D’excellents motifs de réjouissance confirment donc le talent désespéré de Sako. Mais l’apparition de phases égotistes est par contre surprenante : la phrase « Faire de l’égotrip, même si le slips des gos se trempent, je peux pas » n’avait jusqu’alors jamais été infirmée. C’est désormais chose faite, et le résultat est détonnant. ‘Fonctions vitales’, avec Le A comme invité, en est la meilleure preuve, tout comme le deuxième couplet de ‘Consortium’ (il faut néanmoins ajouter que Masar et surtout Lyricist ne sont clairement pas à la hauteur).

Mais le plus surdoué des MC’s ne peut briller sans avoir à sa disposition un son de qualité. Et Hal relève le défi avec honneur. Glanant du côté du hip hop new-yorkais, ses influences sont à attribuer à la soul et au funk, mais elles ne sont que des bases de départ : un travail de superposition est minutieusement effectué, transformant des odes d’instruments à vent ou à cordes en choeurs lointains (‘Le dos courbé’, ‘D’un monde muet’). Dans l’ensemble assez minimalistes, ses productions s’accordent souvent des pauses, laissant place à de sobres scratchs ou à la voix de esseulée de Sako. Allant plus loin dans cette démarche, Hal s’autorise des courts instants instrumentaux, en début ou en fin de plages (‘Moments suspendus’, ‘Un de ces jours’), un peu à la manière de Mehdi sur l’album de Karlito. Il est d’ailleurs regrettable qu’il n’ait pas poursuivi cette voie, ces brèves absences de voix lui permettant de s’émanciper des contraintes imposées par celles-ci. Il parvient de toute manière à insuffler un brin de jovialité aux propos bien sombres de son complice duettiste, en insérant des touches étonnamment aiguës et sèches (‘Milles et un fantômes’, ‘L’encre de ma plume’), contrebalançant ainsi la mélancolie ambiante. Il est clair que l’originalité n’est pas de mise ici : MC et producteur ont fait le choix d’explorer toutes les variations d’une thématique commune.

Il faut toutefois ajouter que si la performance est quasiment sans faute des deux côtés, il existe quelques erreurs navrantes. En vrac, la prod et l’apparition catastrophique d’Akhenaton dans ‘Un bout de route’, les refrains dans ‘Moments suspendus’ et ‘Ma part de songes’, l’interlude supposée sensuelle à la fin de ce dernier, les featurings de Mic Forcing qui, au contraire des étonnants membres de Coloquinte, dévalorisent l’apport de Sako. Des petits détails qui sont rageants devant tant de réussite accumulée.

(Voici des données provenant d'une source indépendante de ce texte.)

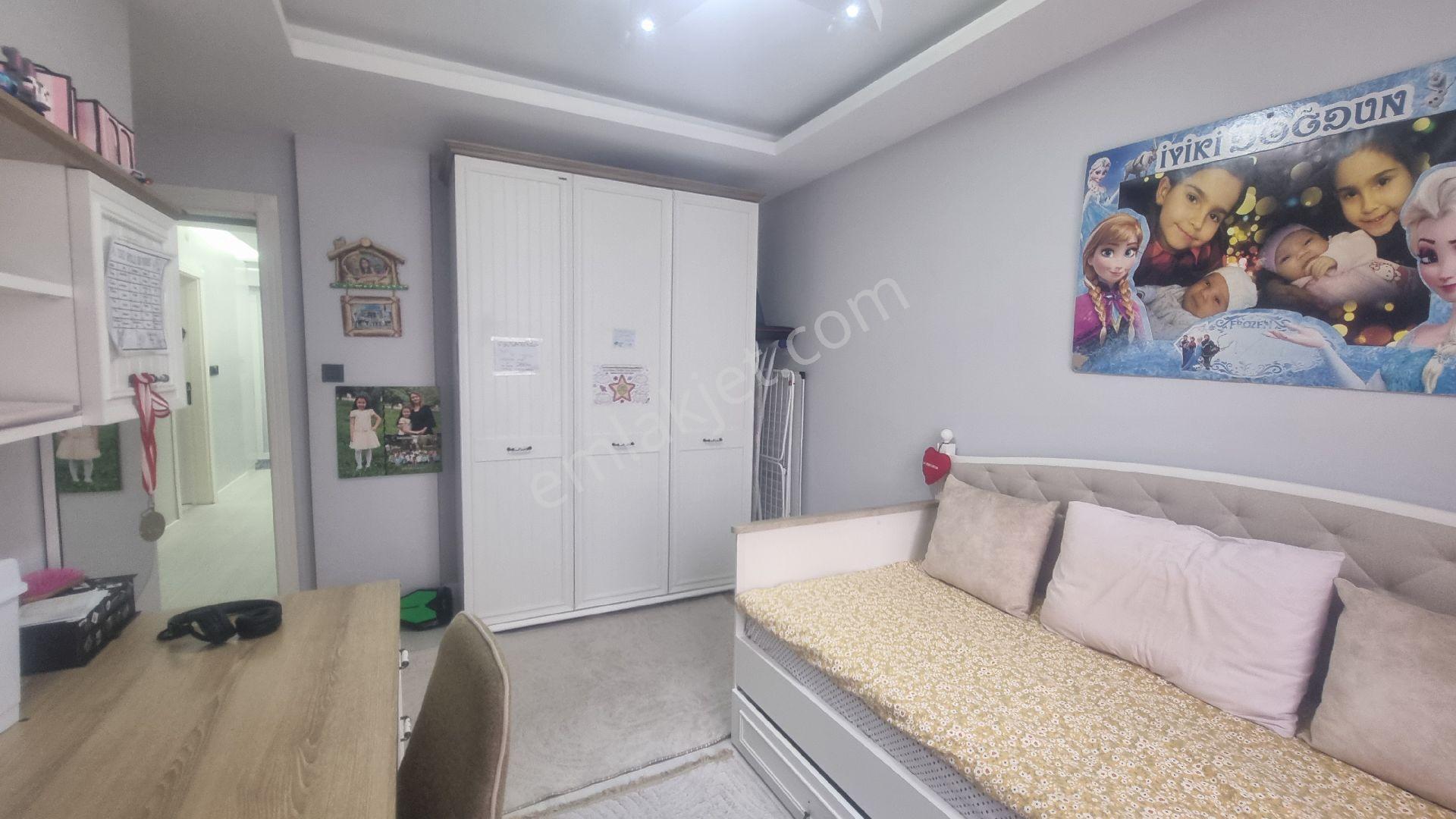 Ayvalı Kardeşlerde Katta Full Yapılı Asansörlü - Görsel 11
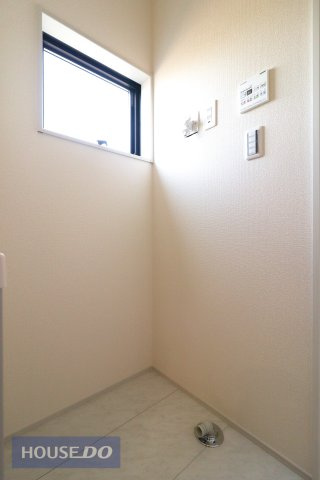 【ランドリースペース】現地完成写真。家事動線など使い勝手がよく、お洗濯がしやすいですね。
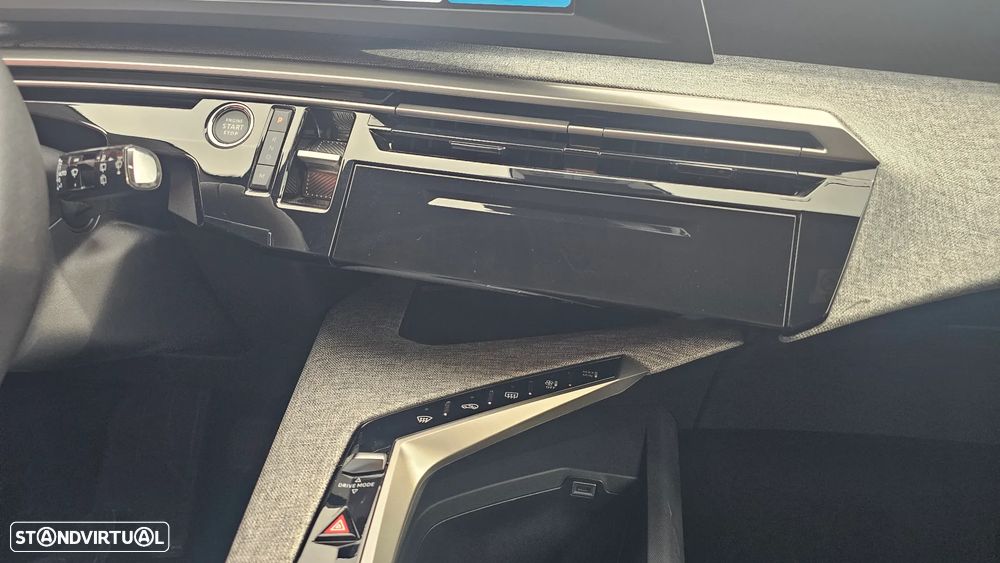 Peugeot 5008 1.2 Hybrid Allure e-DCS6 - 31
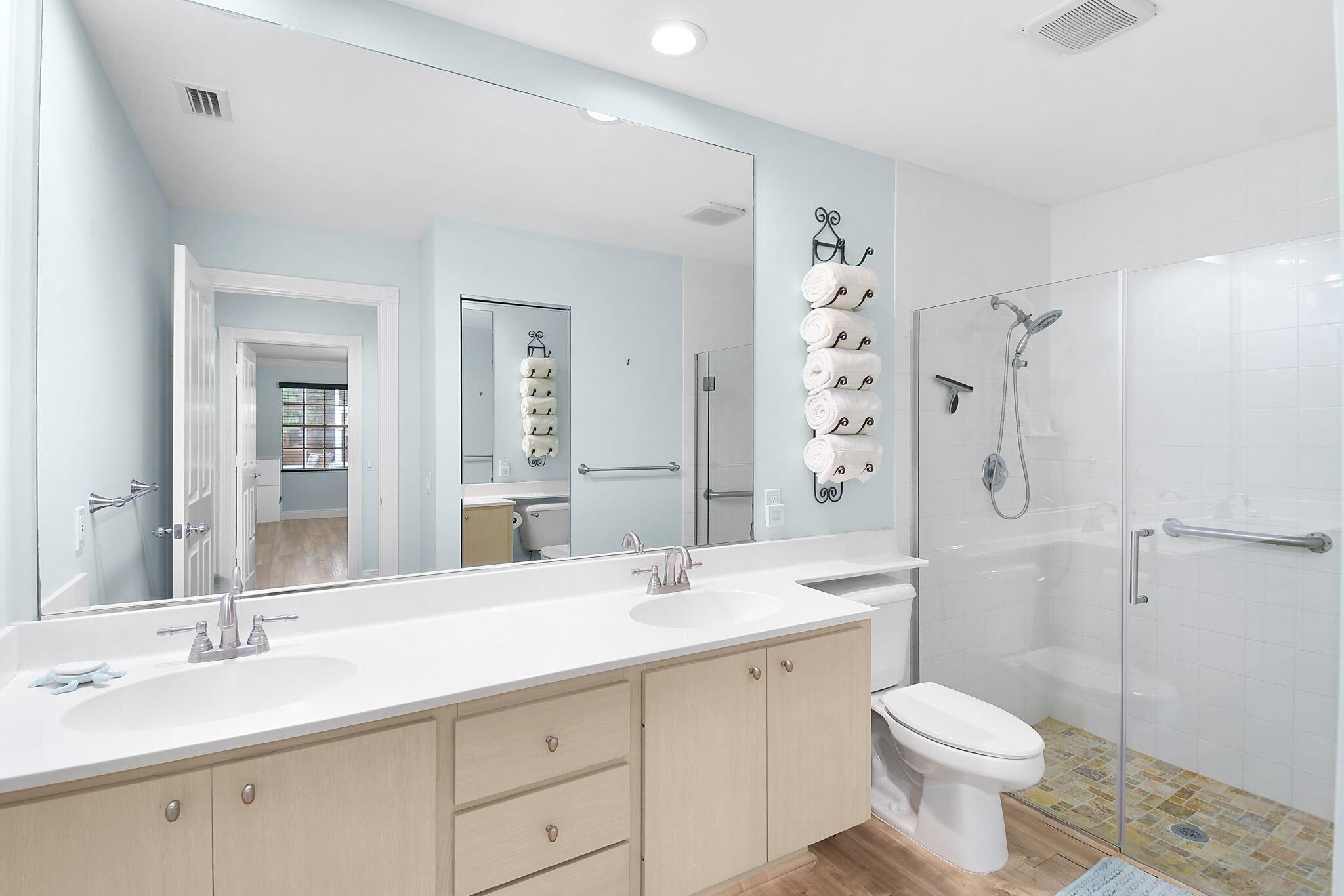 DOUBLE TREE - Residential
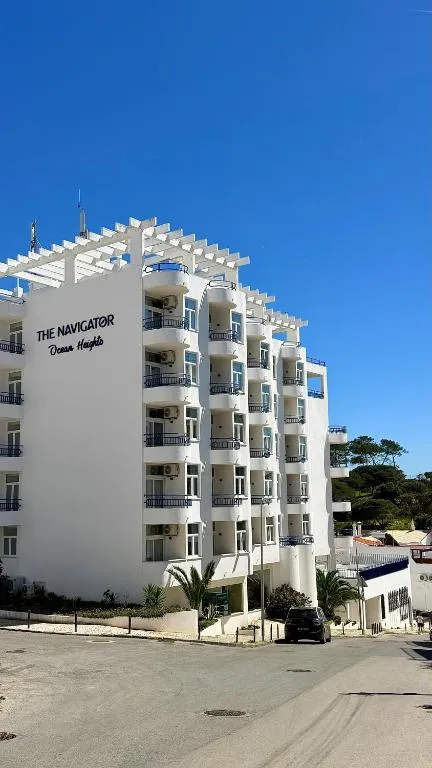 The Navigator - Ocean Heights - Hôtel 4 étoiles, Olhos de Água, Algarve - photo 1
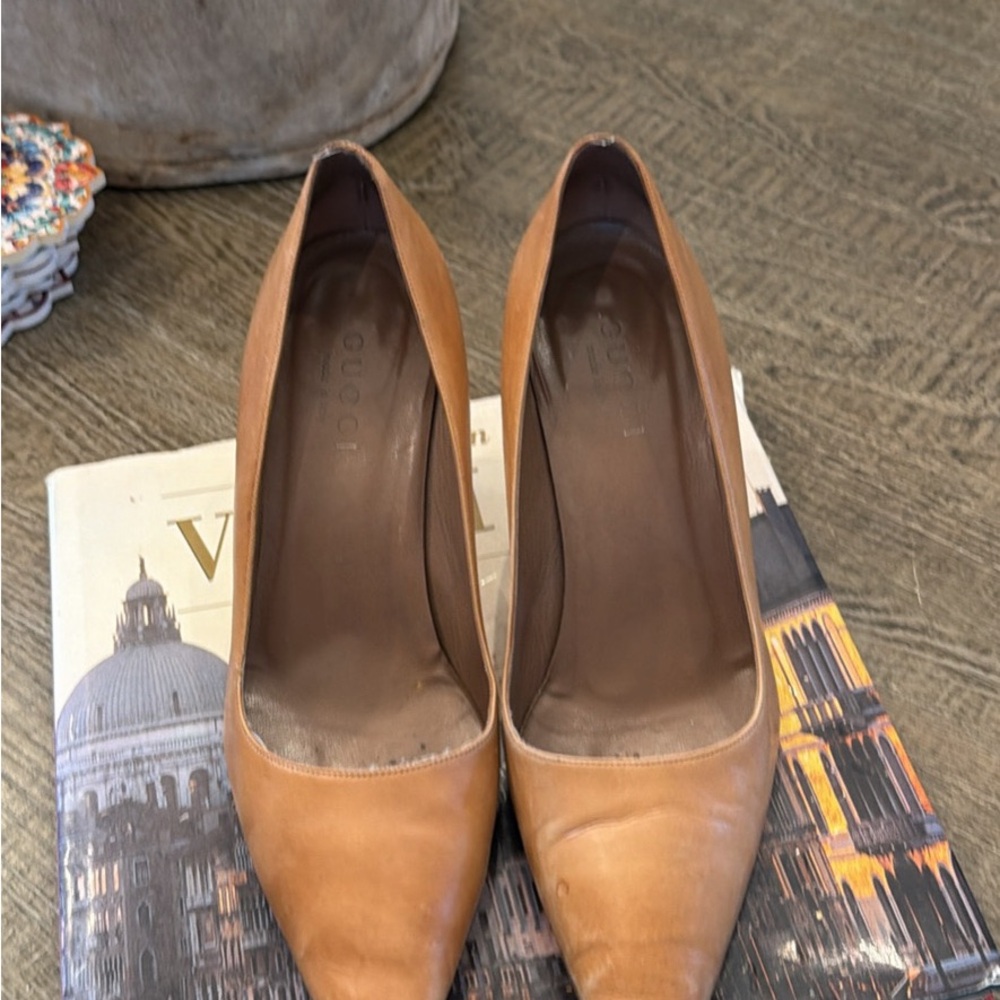Gucci Tan Leather Pointed-Toe Pumps - Picture 5 of 9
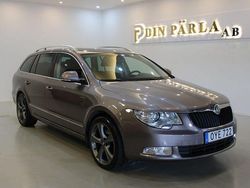 Ljusbrun (brun) Begagnad 2012 Skoda Superb Kombi | 54 900 kr (Marknadspris)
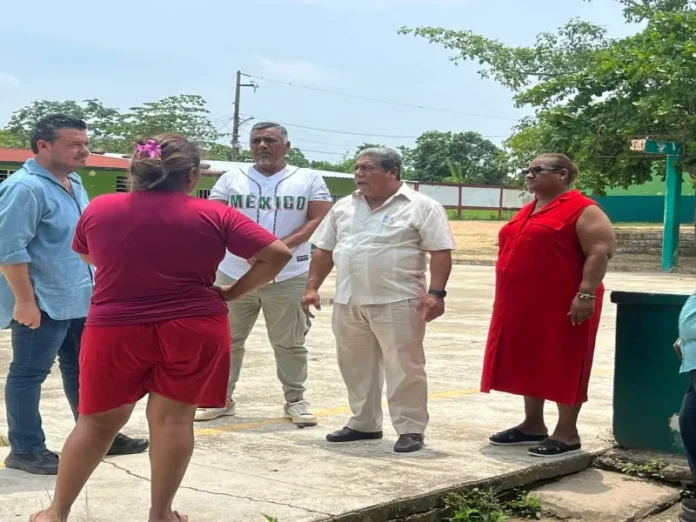 Construcción de línea de agua potable en Cosoleacaque Trabajos de construcción de la línea de agua potable en la colonia F. Gutiérrez para mejorar el suministro de agua potable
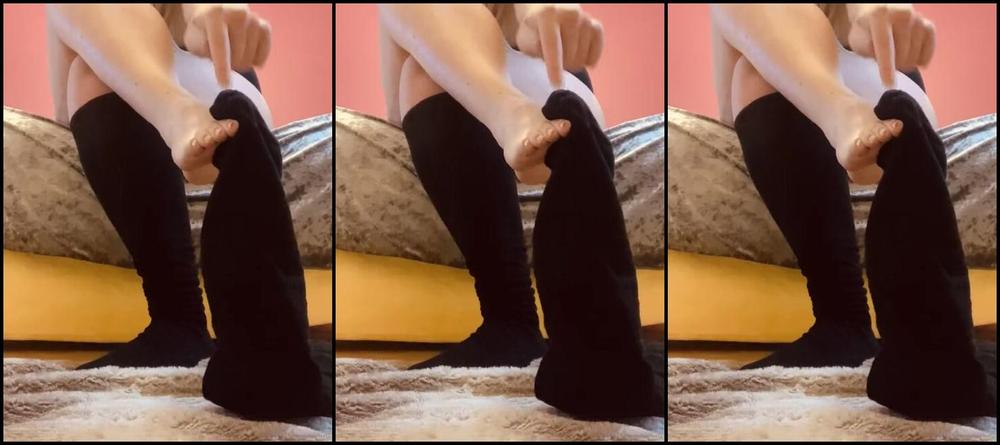 Miss Demi Dee Nicknamed Missdemidee123 Onlyfans Worship My Luscious Feet Soft Soles And Knee High Socks I M Gonna Milk Your Bank Account Dry Today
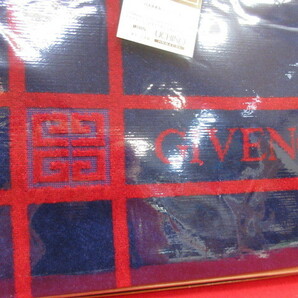 8OH6530 未使用 GIVENCHY ジバンシィ バスタオル ブルー 綿100％ /日本製 レトロ柄の画像3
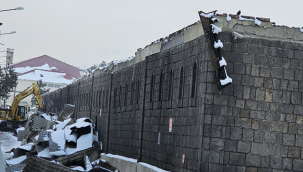 Taş Ambarlar'da enkaz kaldırılıyor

Placé sur un piédestal avant même d’être sorti, Mille et un fantômes était condamné à ne pas combler les espoirs de certains. Moins linéaire que prévu, il offre plages de bonheur épurées – ‘Le dos courbé’, ‘D’un monde muet’, le titre éponyme, ‘Références’ -, réjouissantes preuves d’évolution – ‘Si c’est le prix’, ‘Fonctions vitales’ – et surprenants moments quelconques – ‘Ma part de songes’, ‘Moments suspendus’, ‘Un bout de route’. En enlevant les derniers, on aurait obtenu un EP de rêve. Il faudra se contenter d’un album imparfait. Qui domine tout de même toutes les sorties de l’année 2001.